1\ingroup GroupModules Modules
2\defgroup GroupThermal Thermal Management
3
4# Thermal Management Architecture
5
6Copyright (c) 2022, Arm Limited. All rights reserved.
7
8
9## Overview
10
11Thermal Management is a basic closed-loop temperature controller which
12dynamically controls the platform performance in a thermal envelope.
13
14With a closed control loop and by intelligently dividing the power among actors,
15Thermal Management can efficiently distribute the power within the thermal
16constraints.
17
18The power delivered to each actor (CPU, GPU, etc) is controlled by adjusting the
19frequency and the voltage provided to such actors (performance limits).
20Each actor can be assigned with its own power model, which defines the equations
21for converting power into performance levels and vice-versa.
22
23By allocating the correct performance level, this is reflected to the correct
24power consumed and thus the temperature is maintained at the desired level.
25
26In a system, multiple Thermal Management controllers could exist. Each of them
27is ruled by different temperature domains where they have their own dedicate
28temperature sensor.
29
30## Architecture of a Thermal Management controller
31
32The main two blocks composing Thermal Mgmt are the PI (Proportional and
33Integral) control loop and the power divider.
34
35                               Thermal Design
36    current temp                Power (TDP)      weight (config)
37         |                           |             |   |
38         |                           |             |   |
39         |                           |             |   |
40         v                           v             v   v
41       +-+-+     +---------+       +-+-+        +--+---+--+
42       |   +---->+ PI Ctrl +------>+   +------->+  power  +----> power granted
43       +-+-+     +---------+       +---+   +--->+ divider +---->
44         ^                                 |    +--+---+--+
45         |                                 |       ^   ^
46         |    performance request ---------+       |   |
47         |                                   +-----+   +-----+
48    control temp                             |               |
49                                             v               v
50                                         +---+---+       +---+---+
51                                         | power |       | power |
52                                         | model |       | model |
53                                         +-------+       +-------+
54
55
56The control loop reacts to temperature deviations from the control settings and
57provides a (proportional and integral) signal which is then converted into
58allocatable power offset.
59This available power is then distributed across the actors by a basic weighted
60bias mechanism. Each actor will get a fraction of the available power
61proportionally to the bias.
62
63Thermal Management runs internally on two loops: fast loop and slow loop.

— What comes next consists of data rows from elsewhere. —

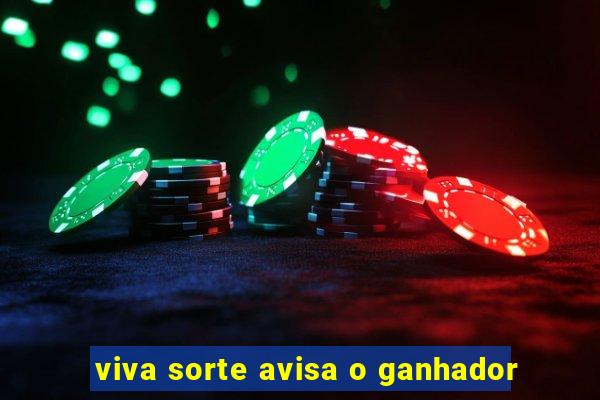 viva sorte avisa o ganhador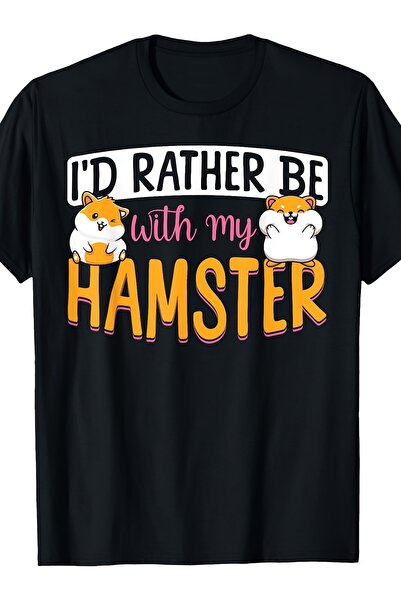 212ZTD Unisex Cute I'D Rather Be with My Hamster T-Shirt, 100% 180G Graphic T...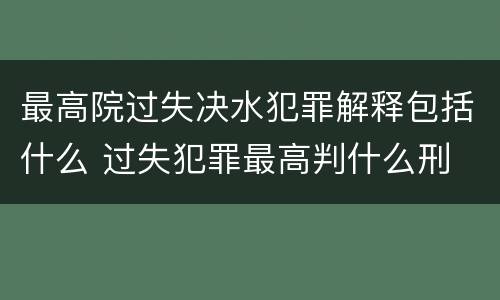 最高院过失决水犯罪解释包括什么 过失犯罪最高判什么刑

64The fast loop is required to provide a fast adjustment of the performance
65requests, while the slow loop is meant to update the PI control (which in turns
66provides an updated allocatable power). The temperature is
67sampled at slow loop cadence.
68
69Thermal Management is taking advantage of the plugin-handler extension to get a
70synchronous tick with the performance requests coming from SCMI. This way the
71fast loop is directly sync'ed with the performance chain to adjust the
72performance limits. This tick imposes the fast loop periodicity.
73The slow loop is derived internally from the fast loop cadence by a configurable
74multiplication factor. This will allow custom tuning of the PI control timings.
75
76An additional module plays an important role in the entire algorithm for
77translating the power to performance and vice-versa. It is required that each
78actor has got their own power model which will be implemented as an additional
79platform-specific module to achieve best modularity and flexibility.
80
81The interface for the power model is defined by Thermal Management
82(mod_thermal_power_model_api).
83
84
85## Algorithm
86
87At each regular tick (fast loop), the Thermal Management will:
88- convert the requested performance level into power
89- attempt to distribute the power across actors based on their request and
90  weights. Any spare power is collected or any shortages kept track of.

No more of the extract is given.